Hours after US President Donald Trump announced his administration's decision to recognise Jerusalem as Israel's capital, India on Thursday made it clear that it has no diplomatic dilemma over the issue, and it will continue with its own policy on Palestine and Israel without being influenced by any other country.

"India's position on Palestine is independent and consistent. It is shaped by our views and interests, and not determined by any third country," External Affairs Ministry spokesperson Raveesh Kumar said in response to queries regarding India's position on Trump's latest decision.

Reversing decades of US policy on the Israel-Palestine dispute, Trump on Wednesday ordered the US embassy to be shifted from Tel Aviv to Jerusalem, and in the process stirred a fresh storm. His announcement led to sharp reactions from the world leaders with several warning Trump that such a decision will only fuel the conflict instead of pacifying it.

Being a close friend of both Palestine and Israel, while India watches the latest development closely, its engagement with these nations will continue as usual. Shortly after taking over as External affairs Minister in the new Government, External Affairs Minister Sushma Swaraj had outlined her Government's foreign policy on this sensitive issue. At the NAM Committee meeting on Palestine in New York in 2014 Swaraj made it clear that India's commitment to the Palestinian cause has been a core feature of its foreign policy and will remain so.

India was the first non-Arab country to recognise Palestine. But over the years, and particularly under the Narendra Modi Government, ties with Israel have improved substantially. Ever since it took over in 2014, the Modi Government has been making efforts to strike a fine balance in India's relations with both countries. In May this year Modi became the first Indian Prime Minister to visit Israel.
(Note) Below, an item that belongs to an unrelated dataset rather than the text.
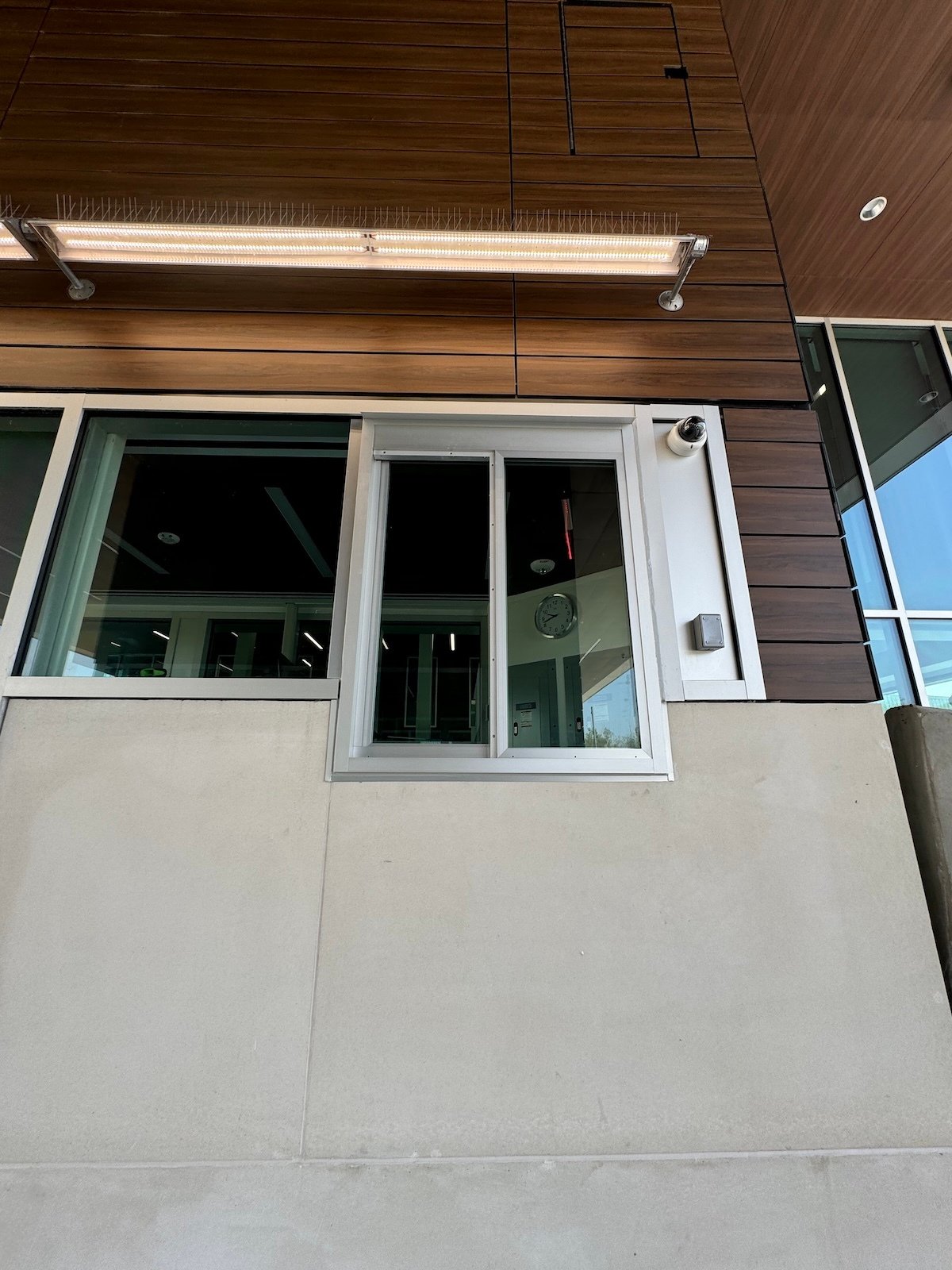 A photo showing an exterior transaction window that combines strength with optical clarity and is bullet-resistant, which is different than virtually unbreakable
A visit to Ramallah is awaited.

While it engaged ‘deeply' with Israel at different levels, India also intensified its involvement with Palestine.  Prior to his visit to Israel, Modi hosted President of Palestine Mahmoud Abbas and assured him of India's Rs unwavering support.' He also offered help for capacity building in Palestine.

India and Palestine held their first ever Foreign Office Consultations in Ramallah in May, 2015 followed by a Joint Commission Meeting in November 2016 where cooperation in a Information Technology, Security, Youth Affairs and Sports, Education, Health, Agriculture, Tourism and Culture were explored. India is also setting up an Institute of Diplomacy in Palestine for training of Palestinian diplomats through assistance of $4.5 million and has doubled the number of scholars for Palestinians to study in India.

At the United Nations, India has generally voted in favour of Palestine though it abstained in a resolution against Israel for a probe by the International Criminal Court (ICC) into alleged war crimes during the 2014 Gaza strike. India justified its abstaining on the grounds that it is not party to the ICC.